Philanthropic and Humanitarian Benefits. Questions to consider: Are projects based in first-world or third-world countries? Do they support renewable energy, energy efficiency, reforestation and / or afforestation? How about community development and environmental conservation? Do they provide local communities with opportunities for energy independence?

Quality offset projects:

  • Diversify our power supply;
  • Reduce dependency on imported fuels;
  • Help local communities reduce air and water pollution;
  • Support the development of resources and technology that does not pollute;
  • Maintain a competitive renewable energy industry; and
  • Increase demand for energy efficient products

Business / Organizational Support. Questions to consider: What type of support does the company provide its business clients? Does the program provide custom greenhouse gas or carbon calculators, consumer-oriented educational materials, employee training, and / or marketing and public relations support?

Offset providers should work directly with reservations, IT and or marketing departments, providing:

  • Guidance on how to reduce greenhouse gas emissions (GHG) through first best solutions.
  • Carbon footprint assessments using guidelines for calculating the GHG emissions and the benefits of offset projects.
  • Information and materials suitable for addressing your marketing, communication and training needs
  • Marketing support through brand promotion, press releases, etc.

Definitions

Clean Development Mechanism: International standards developed under the Kyoto Protocol to ensure that an emission reduction project is a good investment, makes a genuine reduction in carbon emissions as well as being of benefit to the host country and sustainable development. It is not an actual offset project.

Green Power: Electricity produced by sources that are less harmful to the environment than fossil fuels. While there is no strict definition of green power, generally renewable sources such as solar, wind power, geothermal, biomass, and small hydroelectric are considered green power sources (source PPL Corporation). There is a physical connection between the investor and the generating renewable energy asset. You are making a direct contribution toward a kWh from a renewable source.

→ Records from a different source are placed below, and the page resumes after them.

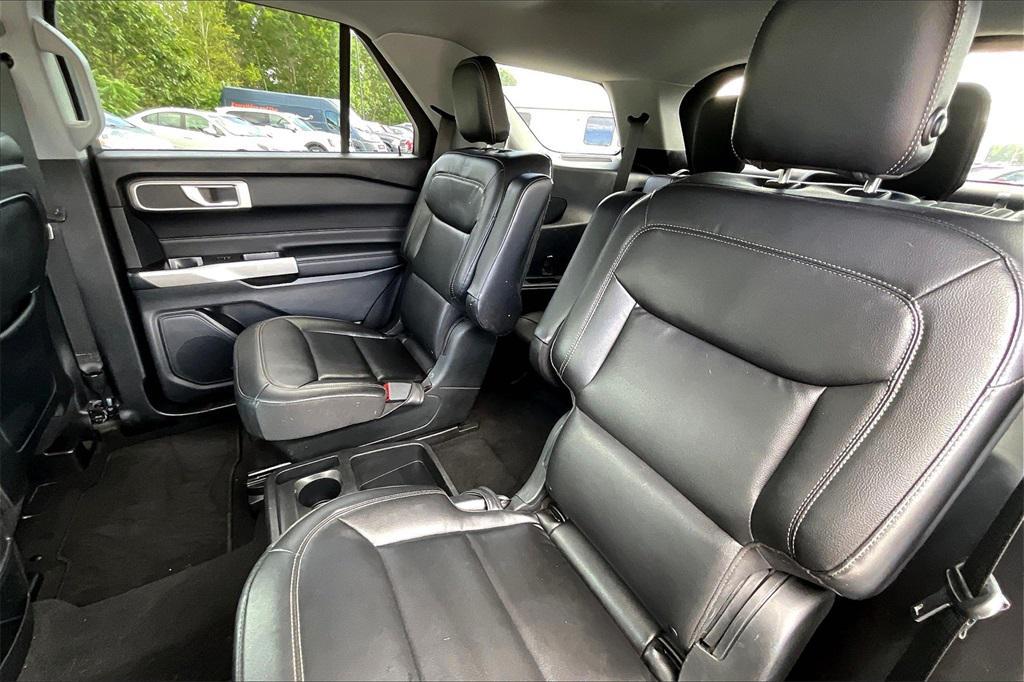 used 2020 Ford Explorer car, priced at $25,963
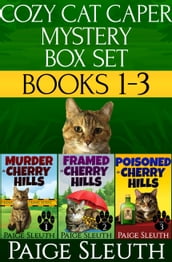 Cozy Cat Caper Mystery Box Set: Books 1-3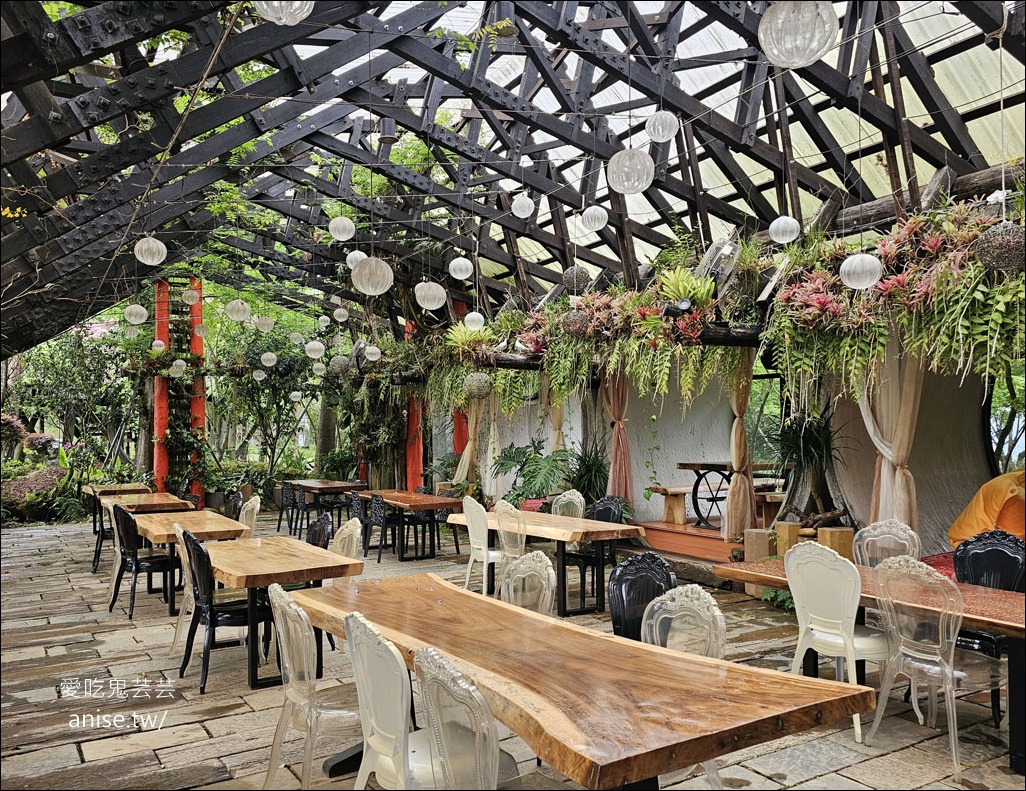 寨酌然野奢庄園，豪華露營、頂級Villa，一泊三食根本超享受！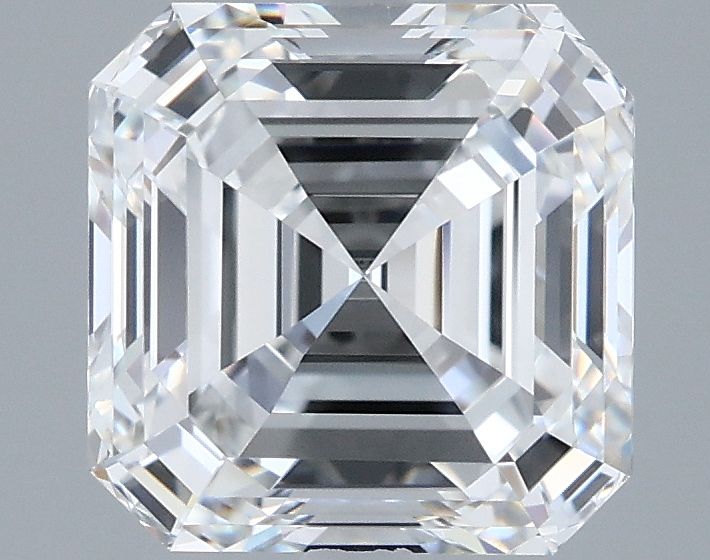2.30 ct. asscher Lab Grown Diamond front image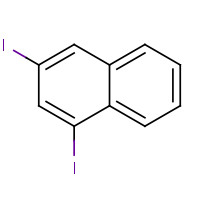 102589-07-1 1,3-diiodonaphthalene chemical structure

Greenhouse Gas (GHG) / Carbon Offset: A mechanism by which the impact of emitting a ton of GHG or CO2 can be negated or diminished by avoiding the release of a ton elsewhere, or absorbing a ton of GHG or CO2 from the air that otherwise would have remained in the atmosphere. Green Tags / Renewable Energy Certificates are one many strategies for offsetting; others include reforestation, afforestation and avoided deforestation.

Green Tags / Renewable Energy Certificates (REC): A REC is a tradable commodity representing the environmental benefits of 1 Mega Watt hour of energy from a renewable source. If a renewable energy project meets stringent additionality criteria, it can be used to generate offsets. In these instances, RECs are quantified as 1400 pounds of greenhouse gases being offset. There is a direct connection between the investor and the generating renewable energy asset if the investor purchases BEF green tags, for example, and is using electricity off of the grid in the U.S. (i.e., their dollars help get more renewable energy into the grid). If the investor is not based in the U.S., there is not a direct connection between the investor and the generating renewable energy asset, but they're still making a contribution toward the incremental cost of producing kWh from a renewable source.

Additionality: Based on the Kyoto Protocol, additionality refers to offset projects that achieve reductions that are "additional to those that otherwise would occur".

Environmental Additionality: Emission reductions represent a physical reduction or avoidance of emissions over what would have occurred.

Financial Additionality: Projects that generate funding additional to existing commitments that is specifically allocated to achieving greenhouse gas reductions.

Reforestation and Afforestation: Reforestation is the re-establishment of a forest by planting or seeding an area where forest vegetation has been removed, whereas afforestation is the establishment of trees in an area that has lacked forest cover for a long time or has never been forested.